22. Sonuç olarak dava konusu kural mülkiyet hakkı bağlamındaki Anayasal güvenceleri karşılamaktan uzak olduğu için olağanüstü halin yürürlükte olduğu bir dönemde durumun gerektirdiği ölçüyü aşan niteliğiyle mülkiyet hakkına ölçüsüz bir sınırlama getirdiğinden Anayasa’nın 15., 35., 38. ve 40. maddelerine aykırılık gerekçesiyle iptali gerekmektedir.

Tabloyu göster

KARŞI OY

1. 7083 sayılı Kanun’un 8. maddesinde yer alan “…imzalanan bu sözleşmeler nedeniyle belediye menfaatinin önemli ölçüde ihlal edildiğinin belirlenmesi halinde bu sözleşmeler belediye başkanı veya belediye başkan vekili tarafından tek taraflı olarak resen feshedilir.” düzenlemesinin çoğunluk tarafından iptaline karar verilmiştir.

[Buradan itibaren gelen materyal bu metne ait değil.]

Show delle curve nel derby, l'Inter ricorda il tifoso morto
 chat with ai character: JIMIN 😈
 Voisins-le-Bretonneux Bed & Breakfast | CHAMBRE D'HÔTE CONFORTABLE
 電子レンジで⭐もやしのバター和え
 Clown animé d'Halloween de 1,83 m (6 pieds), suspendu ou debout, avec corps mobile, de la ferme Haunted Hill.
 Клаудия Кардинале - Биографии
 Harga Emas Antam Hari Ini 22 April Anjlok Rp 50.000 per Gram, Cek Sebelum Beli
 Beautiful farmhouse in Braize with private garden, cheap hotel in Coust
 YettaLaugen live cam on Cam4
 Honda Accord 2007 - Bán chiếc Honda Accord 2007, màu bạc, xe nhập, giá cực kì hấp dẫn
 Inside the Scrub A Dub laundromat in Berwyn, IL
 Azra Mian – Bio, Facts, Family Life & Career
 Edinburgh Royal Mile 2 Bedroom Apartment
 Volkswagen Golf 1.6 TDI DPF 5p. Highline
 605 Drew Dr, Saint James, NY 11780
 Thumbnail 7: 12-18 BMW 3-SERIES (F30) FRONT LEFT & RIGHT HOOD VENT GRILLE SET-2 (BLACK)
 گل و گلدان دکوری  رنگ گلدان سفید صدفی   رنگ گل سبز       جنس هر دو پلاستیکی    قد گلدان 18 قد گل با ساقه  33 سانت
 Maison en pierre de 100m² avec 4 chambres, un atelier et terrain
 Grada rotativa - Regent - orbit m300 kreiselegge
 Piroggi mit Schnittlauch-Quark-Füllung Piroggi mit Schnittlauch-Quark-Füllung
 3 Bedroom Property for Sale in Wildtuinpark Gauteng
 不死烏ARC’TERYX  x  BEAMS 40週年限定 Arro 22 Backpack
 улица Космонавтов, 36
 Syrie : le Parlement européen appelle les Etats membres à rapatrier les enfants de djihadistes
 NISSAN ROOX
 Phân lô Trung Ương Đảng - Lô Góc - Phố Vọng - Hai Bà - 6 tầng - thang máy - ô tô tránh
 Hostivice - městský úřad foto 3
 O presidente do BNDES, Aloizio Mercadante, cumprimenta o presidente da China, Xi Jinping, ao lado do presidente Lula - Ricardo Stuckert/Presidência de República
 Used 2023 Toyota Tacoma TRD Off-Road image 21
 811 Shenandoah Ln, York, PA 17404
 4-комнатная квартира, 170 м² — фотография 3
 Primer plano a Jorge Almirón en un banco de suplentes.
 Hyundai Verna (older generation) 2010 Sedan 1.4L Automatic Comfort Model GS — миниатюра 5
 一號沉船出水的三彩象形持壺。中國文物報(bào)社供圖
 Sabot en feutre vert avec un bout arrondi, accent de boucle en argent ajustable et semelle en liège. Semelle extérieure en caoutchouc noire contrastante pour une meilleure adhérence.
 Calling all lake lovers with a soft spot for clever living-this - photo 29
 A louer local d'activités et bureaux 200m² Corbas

2. Çoğunluk iptal gerekçesi olarak, “belediyenin menfaatinin önemli ölçüde ihlal edilmesi” durumunun bilinen iptal sebepleri yanında geniş bir çerçeve oluşturduğu ayrıca menfaatin ihlal edilmesi durumunun kim tarından tespit edileceğinin belli olmaması hususlarına dayanmaktadır.

3. İlgili maddenin tamamına bakıldığında, belediye menfaatinin önemli ölçüde ihlal edilmesi durumunun mal veya hizmet alımları ile yapım işlerine dair sözleşmelere ilişkin olduğu açıkça görülmektedir. Dahası fesih gerekçesi olarak belediye menfaatinin “önemli ölçüde” ihlal edilmiş olması kriterinin varlığı basit gerekçelerle sözleşmelerin fesih edilmemesi noktasında getirilen bir diğer güvencedir.

4. Menfaatin önemli ölçüde ihlal edilme durumunun hangi merci veya meriler tarafından tespit edileceği hususunun belirsizlik içerdiği hususunun kabulü ise mümkün değildir.

5. Tespit işlemi idari yönden var olan inceleme veya soruşturma mercilerince yapılabileceği gibi adli yönden de belirleme yapılması mümkündür. Bu kapsamda tespit işlemi, olayın mahiyetine göre hukuk mahkemelerinde açılacak davalara konu edilebileceği gibi Cumhuriyet başsavcılıklarınca yürütülecek suç soruşturmaları kapsamında da gerçekleştirilebilir.

6. Halen var olan ve işler durumda bulunan yerleşik mekanizmaların kural muhtevasında zikredilmesine gerek yoktur. Kaldı ki incelemeye konu edilen normda yeni veya bilinmeyen bir tespit yöntemini de işaret etmiş değildir.

7. Sayılan bu gerekçelerle kuralın belirsizlik içermediğini değerlendirdiğimizden iptal yönündeki çoğunluk görüşüne iştirak edilmemiştir.